Pendapat ini disampaikan pengamat politik dari Universitas Indonesia, Iberamsjah. "Kader Partai Golkar tersebar di seluruh daerah di Indonesia dan telah memiliki sejarah perjalanan politik yang panjang sehingga kepemimpinan Partai Demokratis harus demokratis dan mengakomodasi aspirasi kader," kata Iberamsjah ketika dihubungi melalui telepon selulernya, di Jakarta, Senin (23/9).
Menurut Iberamsyah, partai sebesar Golkar tidak bisa dipimpin seperti memimpin perusahaan dengan cara yang tidak demokratis. Ia menilai kepemimpinan Ketua Umum Aburizal Bakrie sekarang seperti memimpin perusahaan dan tidak demokratis.
"Misalnya, melarang orang beda pendapat serta melarang kader-kader senior yang mengusulkan untuk evaluasi calon presiden," kata Iberamsjah.
Tokoh senior yang mengusulkan evaluasi calon presiden jika elektabilitas Ical belum juga meningkat adalah Ketua Dewan Pertimbangan Partai Golkar, Akbar Tandjung. Menurut Iberamsjah, bagaimana mungkin orang sekelas Akbar Tandjung dilarang berpendapat.

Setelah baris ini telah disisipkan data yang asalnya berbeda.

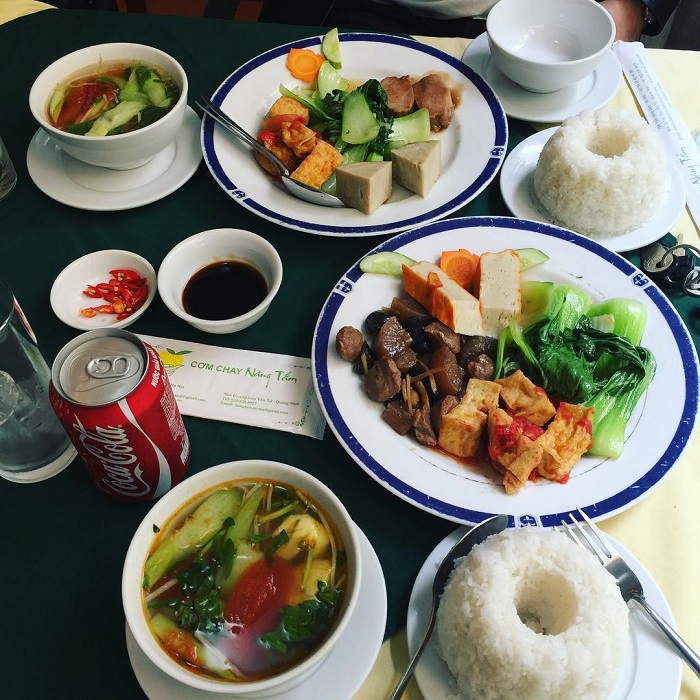 quán ăn ngon quận Hoàn Kiếm - cơm chay Nàng Tấm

"Dia mantan ketua DPR RI dan beberapa kali menjadi menteri. Ketika menjadi ketua umum, Pak Akbar juga berjuang keras untuk mempertahankan Partai Golkar," katanya.
Staf pengajar FISIP Universitas Indonesia ini berkata, Ical memimpin Partai Golkar seperti memimpin perusahaan, bukan seperti memimpin partai politik besar.
Dampak dari gaya kepemimpinan perusahaan, menurut dia, terjadi benih-benih ketidakpuasan yang memuncak pada perseteruan antarelite Partai Golkar.